第34話 焼けない代わり
ボーデは通達を否定しなかった。衣装師組合の大会議室へ私たちを通し、同じ文面の原本を机へ置いた。
長卓の一方には、祝い術式を扱う親方が八人座っていた。反対側は私、ケルナー、ミナ、そして灰色外套を着たライナルト様である。王弟が同席すると知って席を立とうとした者へ、彼は命令を避け、「今日は一工房の依頼人として聞く」と告げた。

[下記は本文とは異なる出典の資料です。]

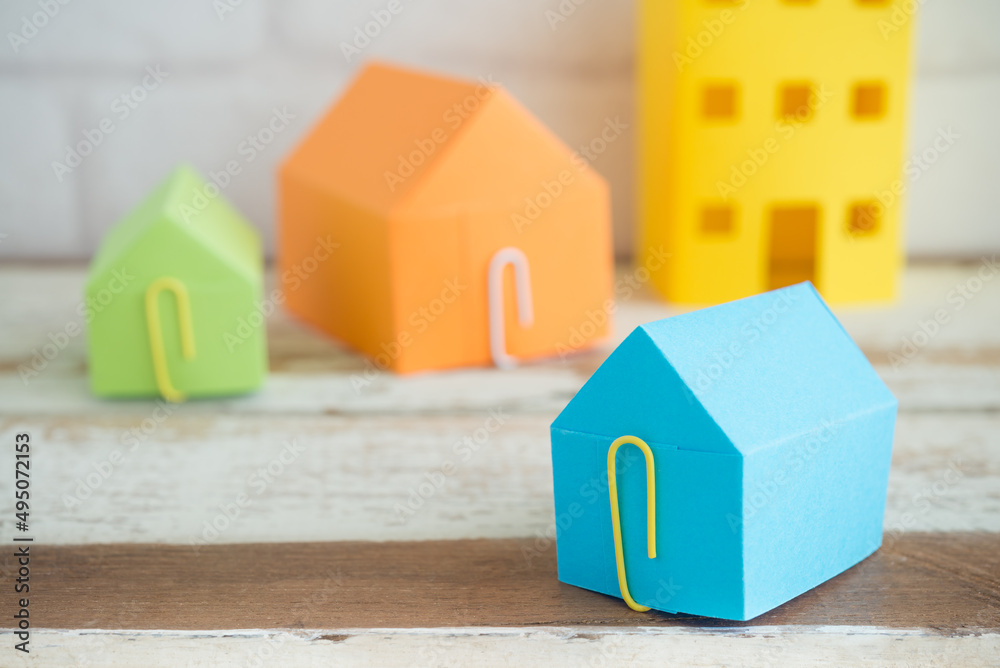 Fototapeta premium Colorful paper house on wooden table background with free copy space. Home loan, mortgage, real estate property or construction concept.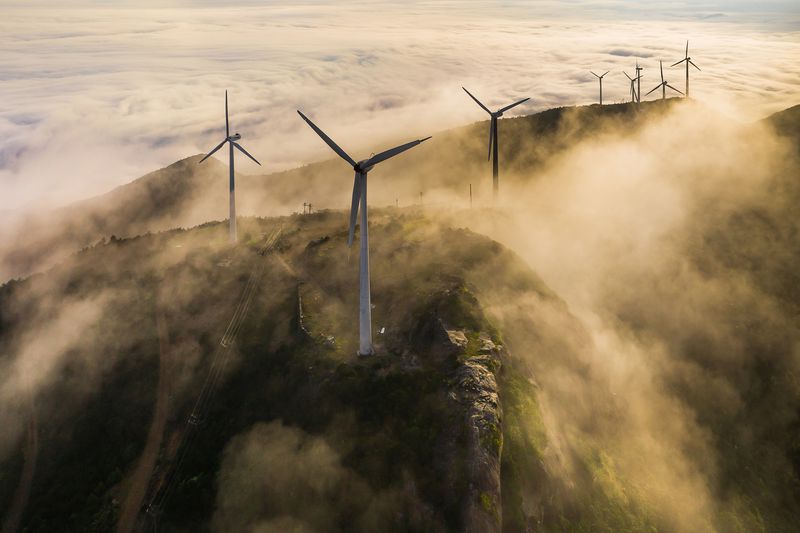 wind turbines on top of a mountain with cloud cover at sunset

それでも、彼が椅子へ座るまで誰も腰を下ろさなかった。王弟が命じないと言っても、身分は外套と一緒に脱げるものではない。私は議事録の冒頭へ、王族の同席を事前に知らされた者が五人、当日知った者が三人、退席を選んだ者が零と記した。零が自由な同意だったかは分からない、という注記も添えた。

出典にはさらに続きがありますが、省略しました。